| What the task requires |
If a picture appears, leave it out, and reproduce exactly the lines from the start of the listing below through the one bearing "L'altra Fiorentina per".

**********

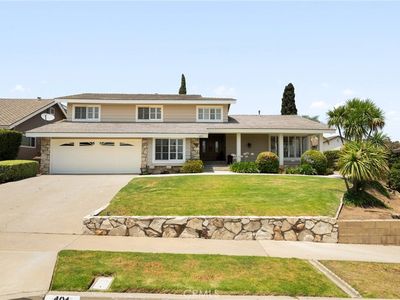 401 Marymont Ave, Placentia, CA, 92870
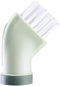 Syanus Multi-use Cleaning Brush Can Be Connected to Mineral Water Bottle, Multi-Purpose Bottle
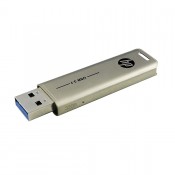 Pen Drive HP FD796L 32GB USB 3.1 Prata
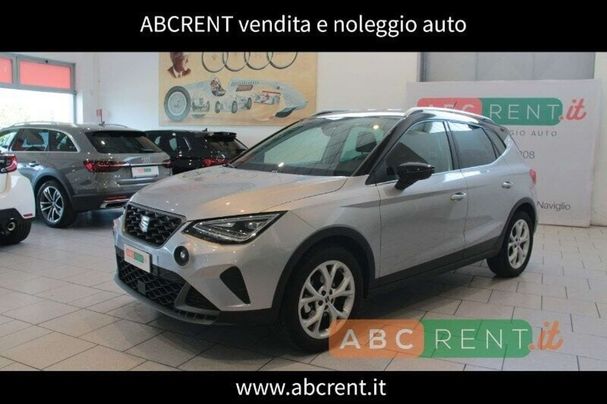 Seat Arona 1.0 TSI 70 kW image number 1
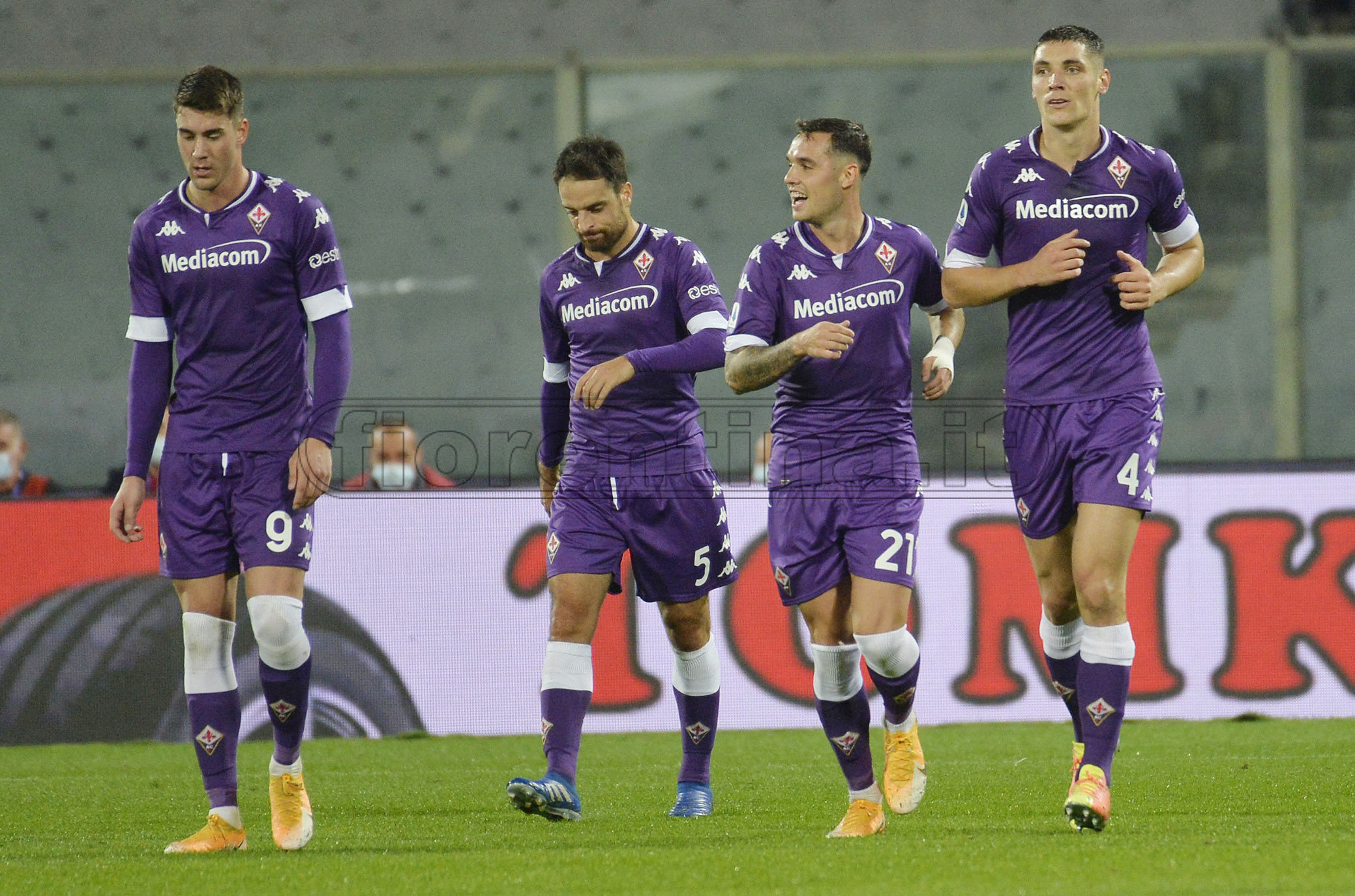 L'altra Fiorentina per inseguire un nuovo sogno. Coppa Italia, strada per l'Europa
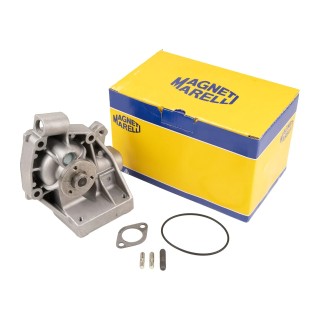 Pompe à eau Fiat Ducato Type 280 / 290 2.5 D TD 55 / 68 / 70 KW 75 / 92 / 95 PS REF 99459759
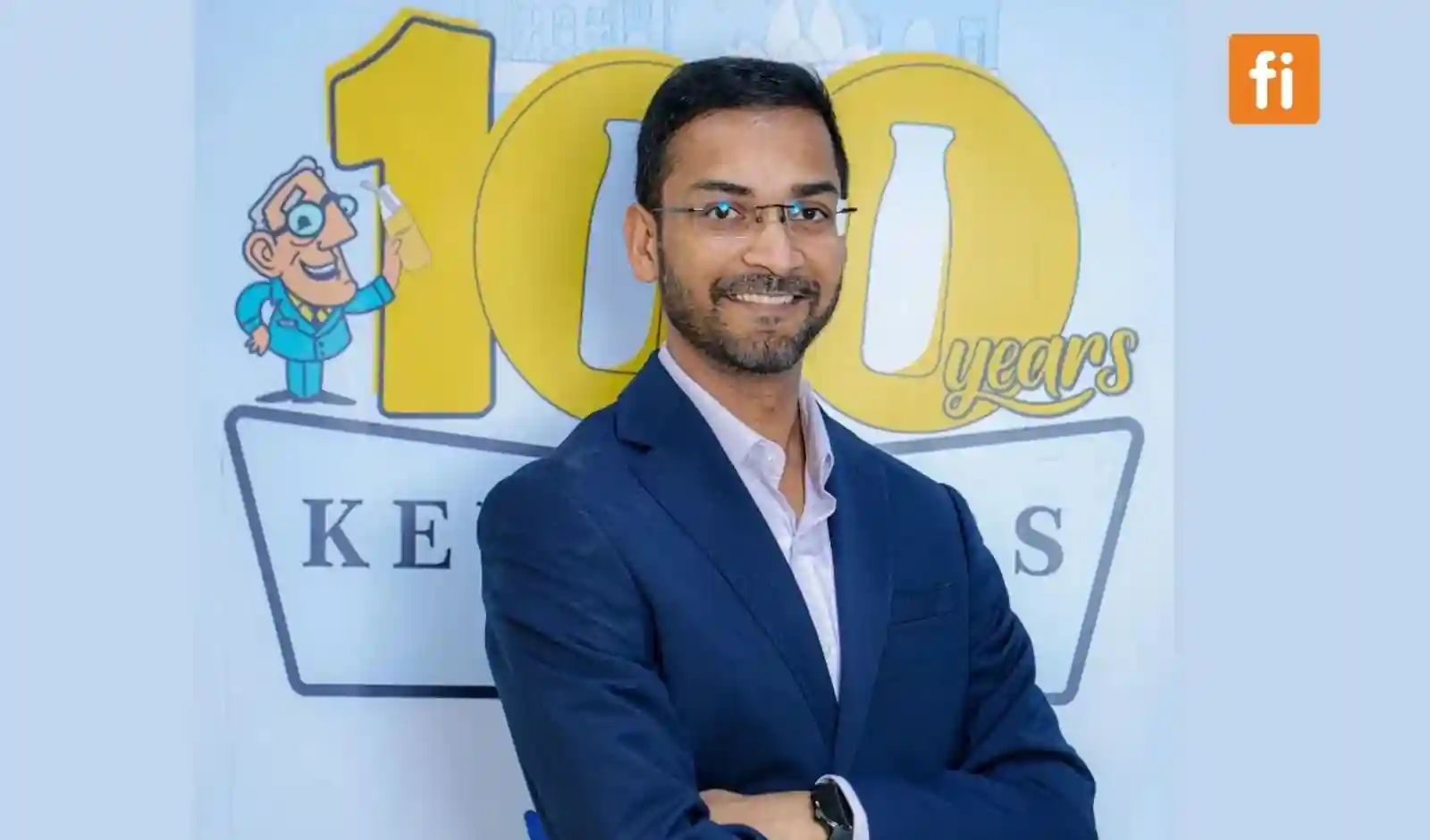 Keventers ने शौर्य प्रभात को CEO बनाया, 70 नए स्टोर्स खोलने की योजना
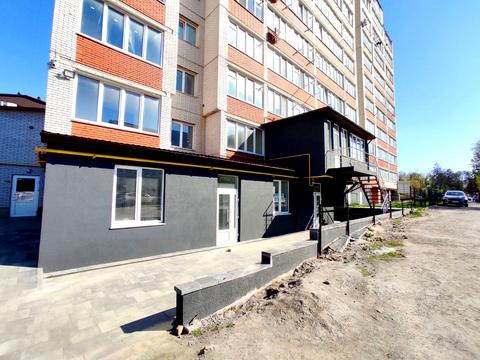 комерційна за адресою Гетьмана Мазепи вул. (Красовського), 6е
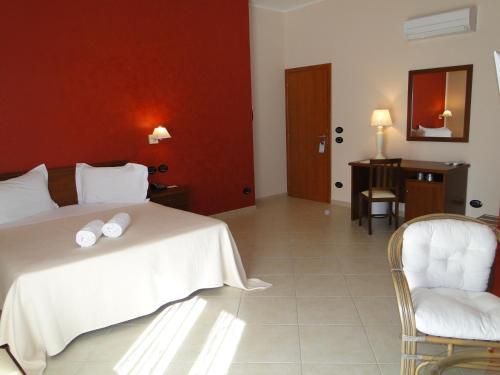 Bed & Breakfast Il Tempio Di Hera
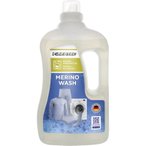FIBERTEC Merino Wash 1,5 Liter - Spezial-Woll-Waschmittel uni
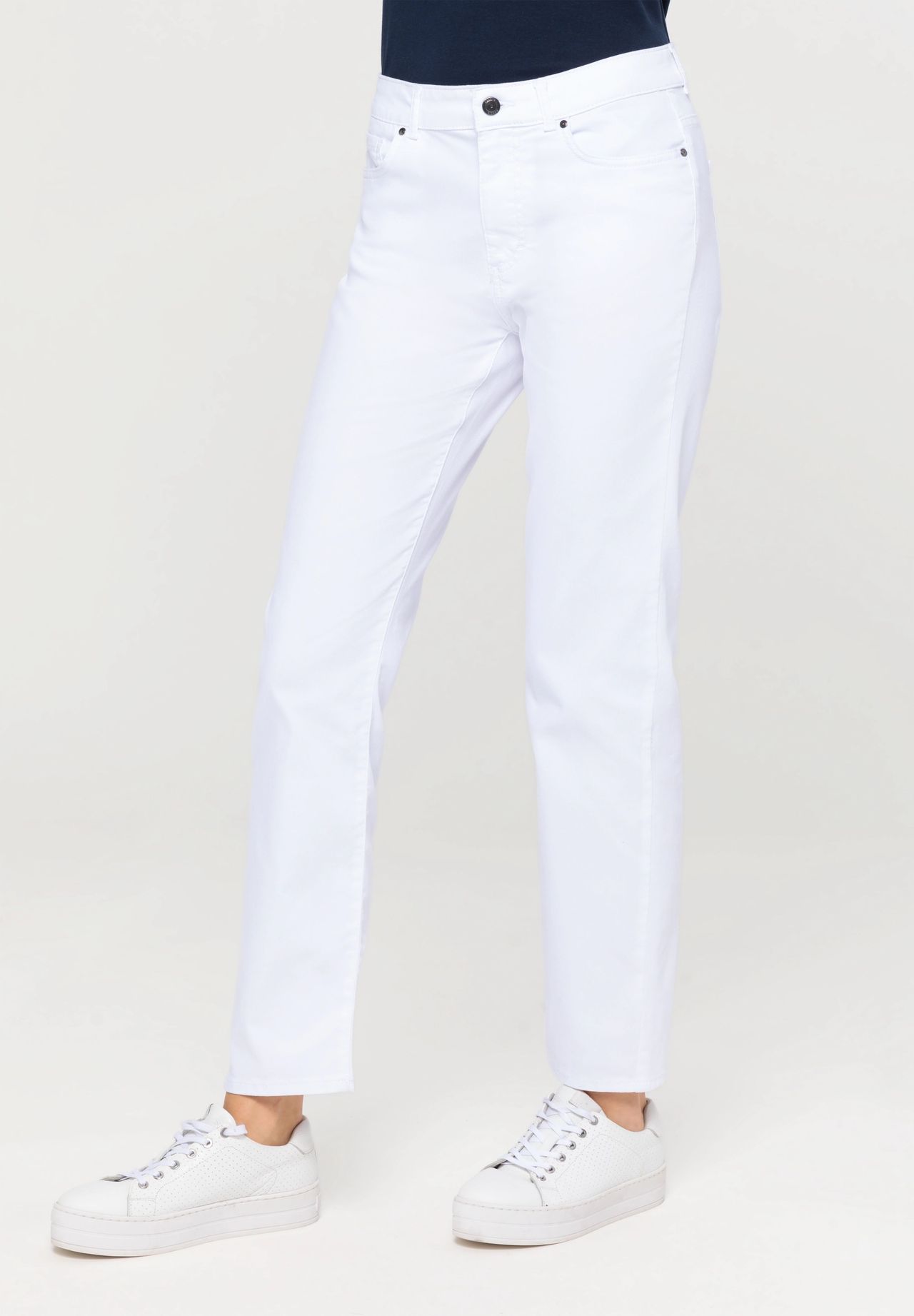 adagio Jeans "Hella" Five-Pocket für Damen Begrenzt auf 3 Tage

**********

| Response below |
 401 Marymont Ave, Placentia, CA, 92870
 Syanus Multi-use Cleaning Brush Can Be Connected to Mineral Water Bottle, Multi-Purpose Bottle
 Pen Drive HP FD796L 32GB USB 3.1 Prata
 Seat Arona 1.0 TSI 70 kW image number 1
 L'altra Fiorentina per inseguire un nuovo sogno. Coppa Italia, strada per l'Europa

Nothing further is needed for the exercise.